COPY --chown=algorithm:algorithm process.py /opt/algorithm/
COPY --chown=algorithm:algorithm mmpose_package /opt/algorithm/mmpose_package
COPY --chown=algorithm:algorithm cldetection_utils.py /opt/algorithm/
COPY --chown=algorithm:algorithm best_model_weight.pth /opt/algorithm/
COPY --chown=algorithm:algorithm td-hm_hrnet-w32_udp-8xb64-250e-512x512_KeypointMSELoss.py /opt/algorithm/

And then, in the process.py file, you can implement your algorithm's inference and testing process within the predict() function. Modify the save() function based on the return value of your predict() function.
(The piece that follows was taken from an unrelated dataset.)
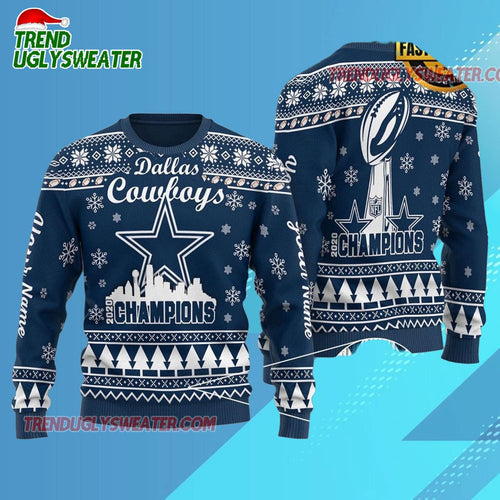 Nfl Dallas Cowboys Champions 2025 Custom Ugly Christmas Sweater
Next, execute the build.sh script using the command sudo ./build.sh. Please refrain from modifying any code within the script. This step will build the Docker image and check for any errors that may need troubleshooting. If everything goes smoothly, you may see a similar output to the following:

[+] Building 298.7s (5/16)                                                                                       
 => [internal] load build definition from Dockerfile                                                        0.0s 
 => => transferring dockerfile: 4.07kB                                                                      0.0s 
 => [internal] load .dockerignore                                                                           0.0s
 => => transferring context: 61B                                                                            0.0s
 => [internal] load metadata for docker.io/pytorch/pytorch:1.9.0-cuda11.1-cudnn8-devel                      3.2s
 => CANCELED [ 1/12] FROM docker.io/pytorch/pytorch:1.9.0-cuda11.1-cudnn8-devel@sha256:ed167cae955fa654c  295.5s
 => => resolve docker.io/pytorch/pytorch:1.9.0-cuda11.1-cudnn8-devel@sha256:ed167cae955fa654cefc3663fc0c7b  0.0s
...
...
 => => naming to docker.io/library/cldetection_alg_2023                                                     0.0s

Lastly, execute the sudo ./test.sh script to verify whether the Docker output matches the locally predicted results. If the results match, you will see the message "Tests successfully passed..." indicating that the local model's predictions are consistent with the results obtained from Docker.

    ...
        }
    ],
    "type": "Multiple points",
    "version": {
        "major": 1,
        "minor": 0
    }
}
Tests successfully passed...
cldetection_alg_2023-output-b35388ee544f2a598b5fb5b088494e5c

Finally, directly execute the sudo ./export.sh script to export the Docker file that can be uploaded to the challenge platform. The exported Docker file will be named CLdetection_Alg_2023.tar.gz. You can then create an algorithm page on the Grand Challenge platform and submit your algorithm (progress 100%, congratulations 🌷).

Tips for Participants

This repository only provides a baseline model and a complete workflow for training, testing, and packaging for participants. The performance of the model is not very high, and the organizers may suggest the following directions for optimization as a reference:

  • Design preprocessing and data augmentation strategies that are more targeted. This repository only involves simple image scaling to a size of (512, 512) and horizontal flipping for augmentation.
  • Replace the backbone network with more powerful models such as the HRNet, Hourglass models, or Transformer models with self-attention mechanisms.
  • Incorporate powerful attention modules. It is common in research to enhance model generalization and performance using attention mechanisms.
  • Choosing a suitable loss function can make it easier for the deep learning model to learn and converge more quickly, leading to higher performance.

If you encounter any challenges or difficulties while participating in the CL-Detection 2023 challenge, encounter any errors while running the code in this repository, or have any suggestions for improving the baseline model, please feel free to raise an issue. I will be actively available to provide assistance and support.